Task requirements: Make an exact copy of the records below, leaving every image out.

Records to use:
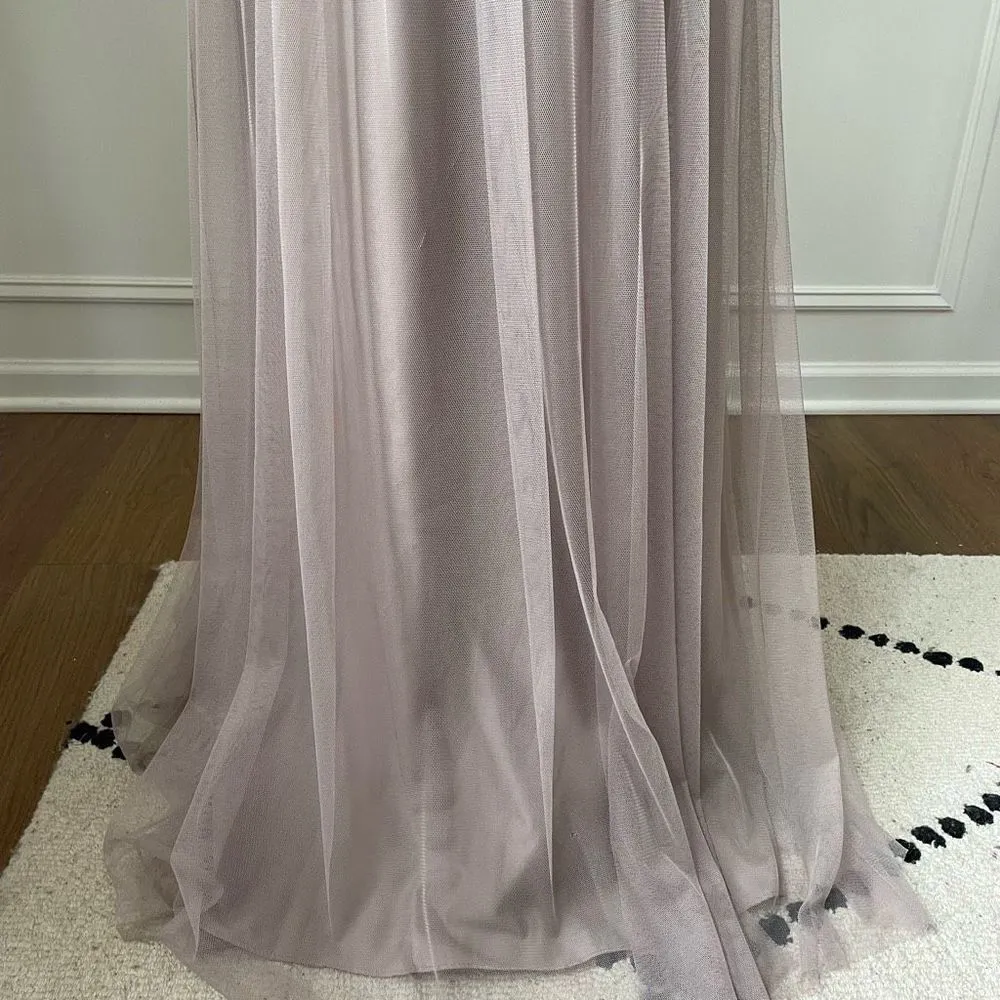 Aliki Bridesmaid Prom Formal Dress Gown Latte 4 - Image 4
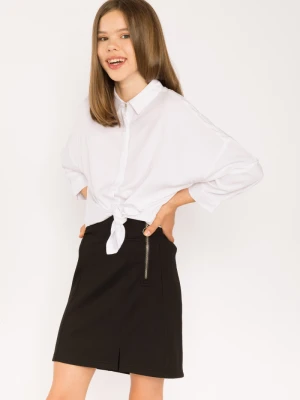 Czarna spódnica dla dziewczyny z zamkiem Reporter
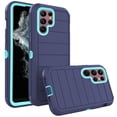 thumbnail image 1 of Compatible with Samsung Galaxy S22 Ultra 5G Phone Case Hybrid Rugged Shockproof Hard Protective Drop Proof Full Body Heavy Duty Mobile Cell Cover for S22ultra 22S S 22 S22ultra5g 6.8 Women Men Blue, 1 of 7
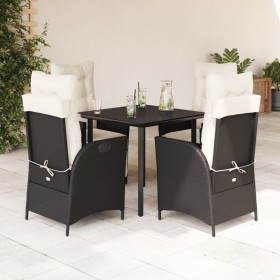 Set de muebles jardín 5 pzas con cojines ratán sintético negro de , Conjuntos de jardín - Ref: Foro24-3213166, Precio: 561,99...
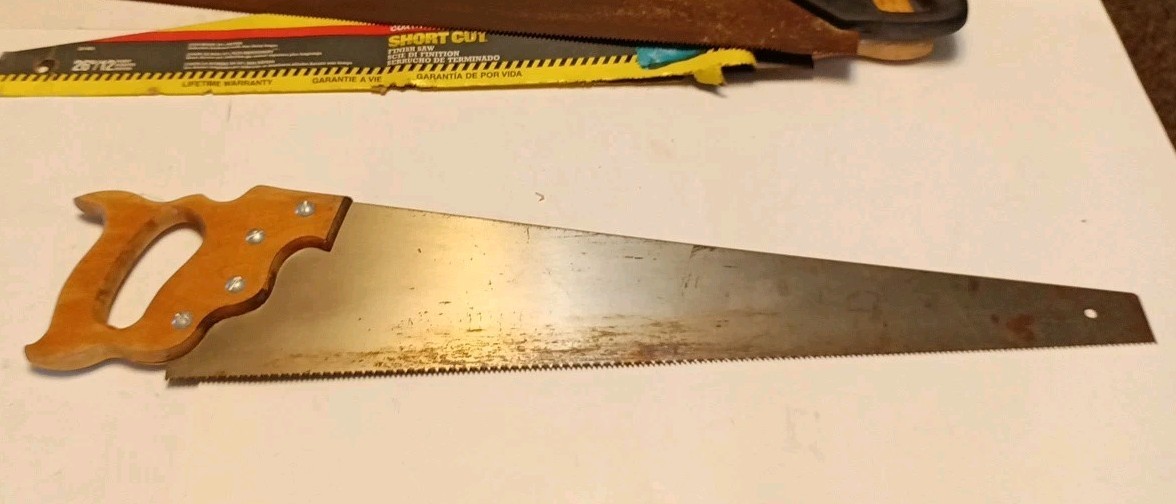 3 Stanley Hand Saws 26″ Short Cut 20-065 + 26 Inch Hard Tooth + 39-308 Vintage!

Answer section:
 Aliki Bridesmaid Prom Formal Dress Gown Latte 4 - Image 4
 Czarna spódnica dla dziewczyny z zamkiem Reporter
 thumbnail image 1 of Compatible with Samsung Galaxy S22 Ultra 5G Phone Case Hybrid Rugged Shockproof Hard Protective Drop Proof Full Body Heavy Duty Mobile Cell Cover for S22ultra 22S S 22 S22ultra5g 6.8 Women Men Blue, 1 of 7
 Set de muebles jardín 5 pzas con cojines ratán sintético negro de , Conjuntos de jardín - Ref: Foro24-3213166, Precio: 561,99...
 3 Stanley Hand Saws 26″ Short Cut 20-065 + 26 Inch Hard Tooth + 39-308 Vintage!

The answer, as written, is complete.